Внешнеполитические позиции Германии после проигранной Первой мировой войны тоже резко ухудшились. Она потеряла своего прежнего военного союзника после того, как Австро Венгерская империя распалась на несколько независимых государств. При этом Австрия превратилась в небольшую и сравнительно слабую страну, а основная военная промышленность былой великой державы оказалась в Чехословакии, население которой из за старых обид относилось к немцам далеко не лучшим образом. К Чехословакии отошла и Судетская область, населенная преимущественно немцами, что сразу же создало почву для раздоров между ней и Германией. А на востоке Европы возникло новое независимое государство – Польша. Ей достались некоторые бывшие германские территории, и потому она изначально стала недругом для Германии и естественным союзником Великобритании и Франции. Таким образом, немцы оказались во враждебном окружении и в случае вступления в общеевропейскую войну были бы вынуждены с самого начала вести ее на два фронта. Бисмарк в свое время предостерегал их от такого невыгодного расклада, а печальный исход Первой мировой войны убедительнейшим образом подтвердил его правоту.

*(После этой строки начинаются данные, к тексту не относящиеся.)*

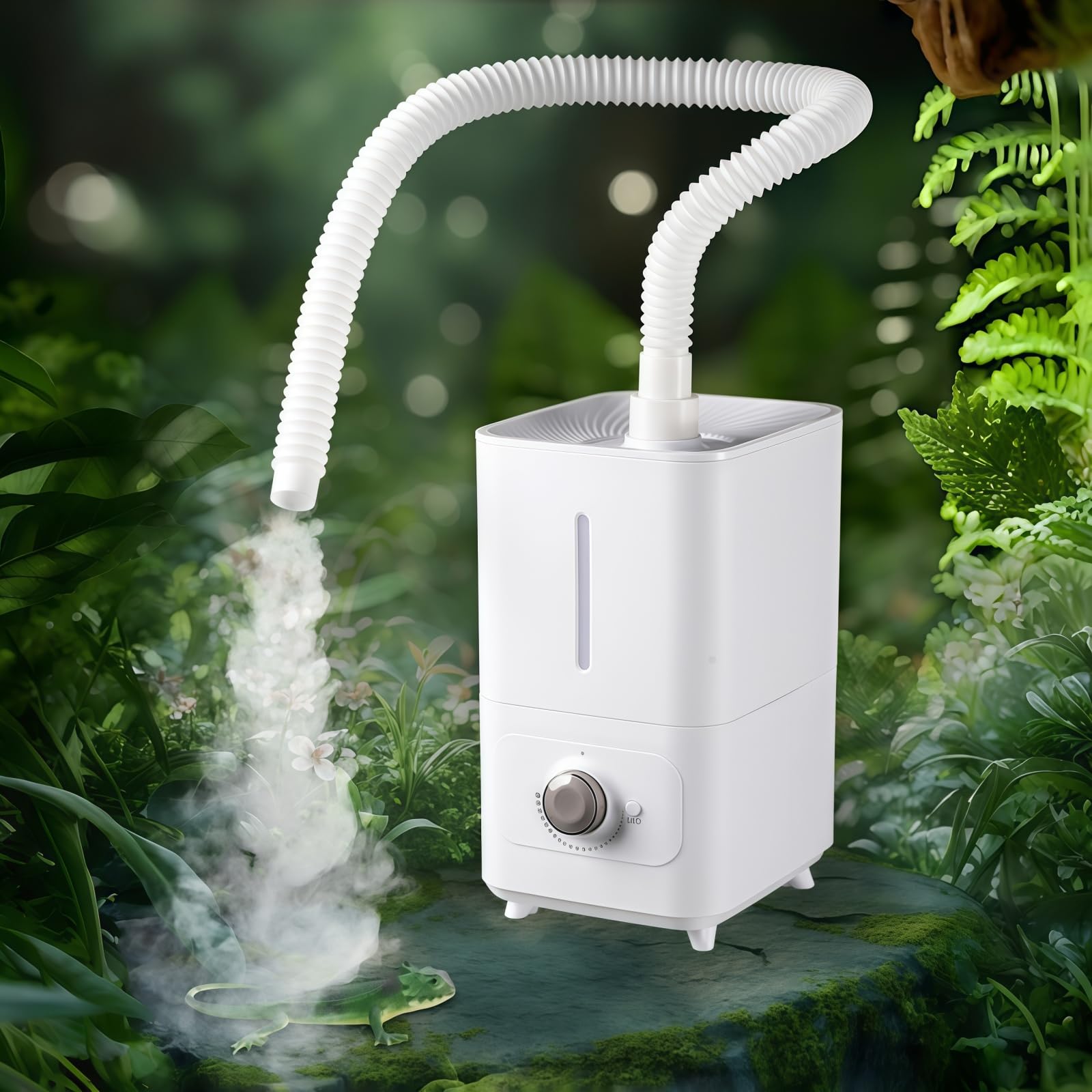 ハ虫類加湿器 草木用加湿器 超音波 6L大電気容量 静音 合わせる能力のあるな霧最終生産物 長さ合わせる能力のある 伸縮配管付き添い人 水不足と停電 かわき切る燃えさかる防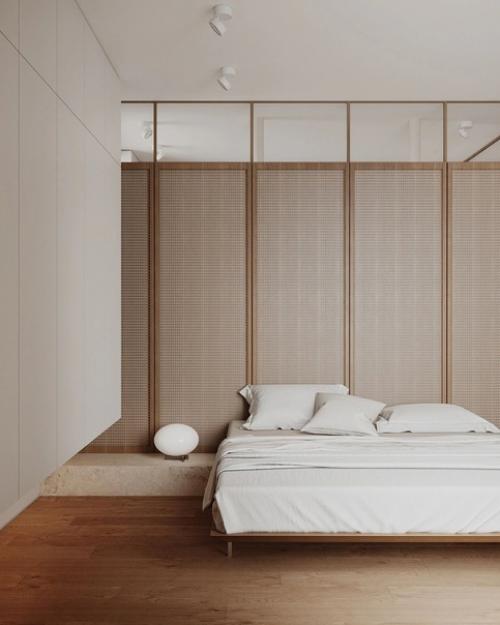 Очень интересный интерьер с нотками скандинавского стиля и минимализма. 07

На первый взгляд Версальская система лишила Германию всех надежд на возрождение там духа милитаризма и заранее гарантировала провал любых ее возможных попыток силой пересмотреть итоги Первой мировой войны. Но немало немцев имели иное мнение на этот счет. К их числу принадлежал Ганс фон Сект – главнокомандующий рейхсвером с 1920 до 1926 г., не только боевой генерал и прекрасный организатор, но и на редкость умный, разносторонне образованный и дальновидный человек. Ему удалось заложить основы стратегии и тактики будущей войны и создать пусть небольшой, но высокопрофессиональный рейхсвер, который впоследствии оказалось возможным быстро развернуть в многомиллионный вермахт. Ростки посеянных им семян буйно взошли на полях сражений Второй мировой войны.
Ганс фон Сект
Сект сумел обнаружить в глухом заборе Версальских ограничений крохотную, но очень важную лазейку: там не лимитировалось число германских унтер офицеров. Он использовал ее в полной мере и превратил сухопутные силы Германии в «армию командиров», ставшую надежной базой для их будущего стремительного роста. В 100 тысячном рейхсвере служили всего 4 тыс. офицеров и 36,5 тыс. рядовых, но при этом – 59,5 тыс. унтер офицеров[53].

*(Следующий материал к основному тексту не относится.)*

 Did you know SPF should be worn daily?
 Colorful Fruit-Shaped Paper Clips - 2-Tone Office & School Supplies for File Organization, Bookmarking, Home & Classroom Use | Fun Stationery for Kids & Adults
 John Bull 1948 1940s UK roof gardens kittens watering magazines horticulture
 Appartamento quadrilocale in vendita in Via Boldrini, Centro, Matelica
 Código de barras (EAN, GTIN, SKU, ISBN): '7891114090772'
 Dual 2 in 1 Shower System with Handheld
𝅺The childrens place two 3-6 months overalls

В распоряжении Секта оказались кадры, отборные во всех смыслах этого слова. В ходе Первой мировой войны в Германии образовался огромный контингент людей с обширным боевым опытом. Послевоенный развал экономики и связанная с ним массовая безработица заставила многих из них попытаться завербоваться в армию, гарантировавшую сравнительно высокий, а главное – стабильный заработок и неплохие бытовые условия. Из 200 тыс. бывших офицеров кайзеровской армии в рейхсвер были отобраны только 3 тыс. наиболее способных и перспективных. Оставшуюся тысячу офицерских вакансий заполнили отличившиеся в боях унтер офицеры, пропущенные через соответствующие курсы[54].

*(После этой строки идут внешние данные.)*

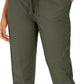 Style & Co Women's Pull On Cuffed Utility Pants Green Size 6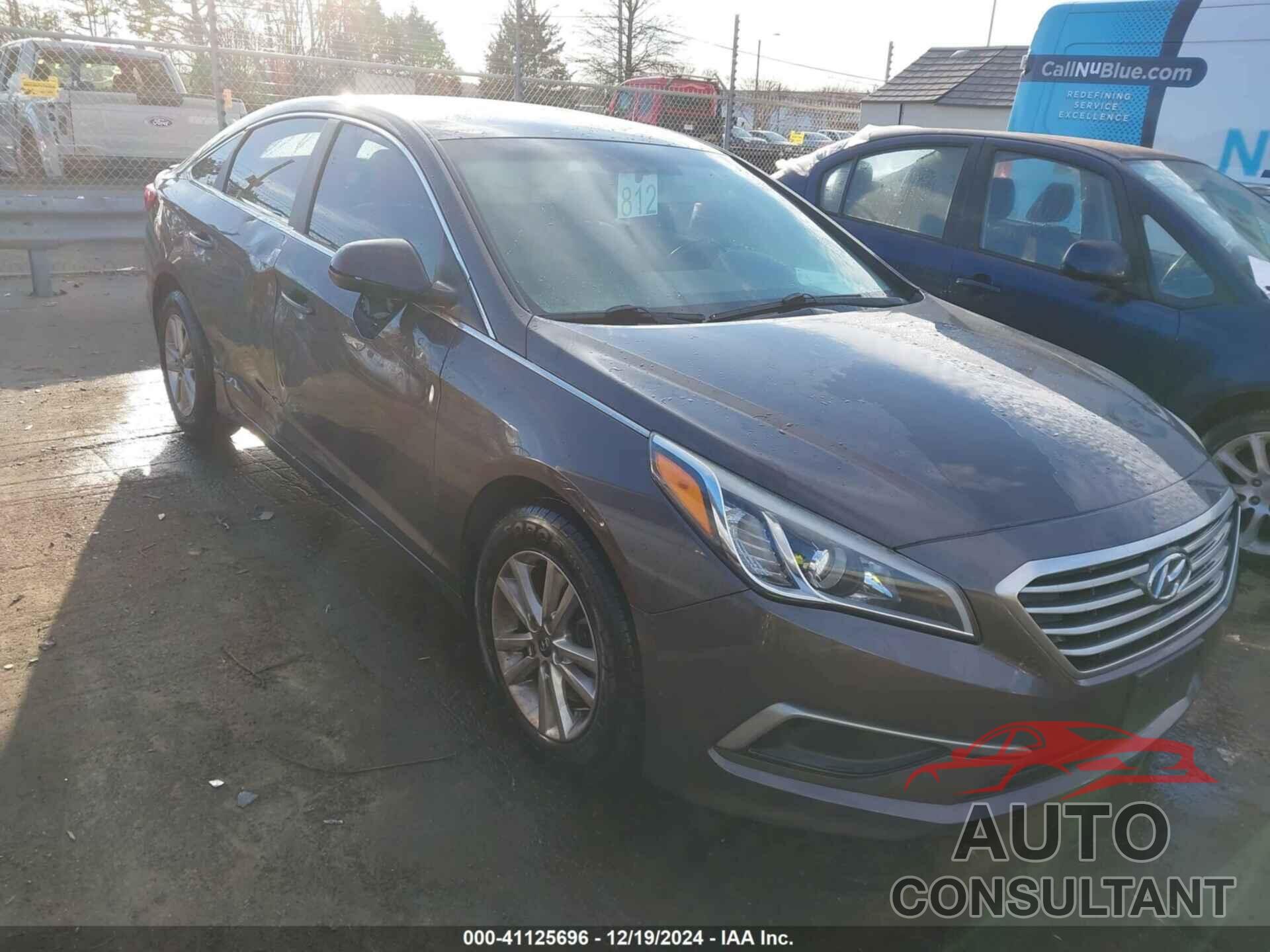 HYUNDAI SONATA 2017 - 5NPE24AF6HH540977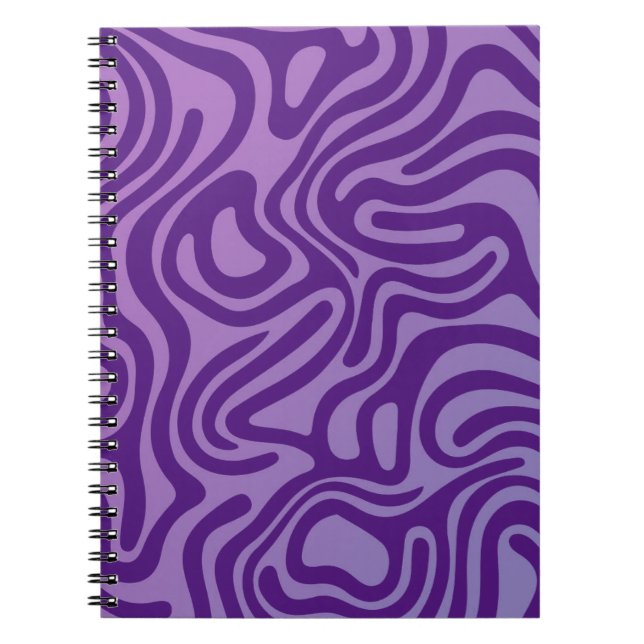 Cuaderno Diseño sencillo y elegante bloc de notas en espira (Frente)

Престиж военной службы в Германии неизменно оставался весьма высоким. Даже во вполне благополучном для экономики страны 1928 г. на каждую солдатскую или унтер офицерскую вакансию приходилось 15 претендентов[55]. В результате тщательного и придирчивого отбора военными становились лучшие из лучших. Должности командиров взводов в рейхсвере в основном занимали не офицеры, а фельдфебели, отлично для этого подготовленные. Когда началась ремилитаризация Германии, многие из унтер офицеров получили офицерские звания.
Сект сделал все, чтобы сохранить мозг германской армии – ее Генеральный штаб, запрещенный Версальским договором. С этой целью он передал некоторые отделы Генштаба в другие армейские структуры, а его ядро переименовал в Войсковое управление (Truppenamt). А сам был его начальником, оставаясь при этом главнокомандующим рейхсвером. Главной задачей свежеиспеченной организации стала разработка стратегии и тактики будущих сражений на основе анализа недавних боевых действий и передовых идей Секта.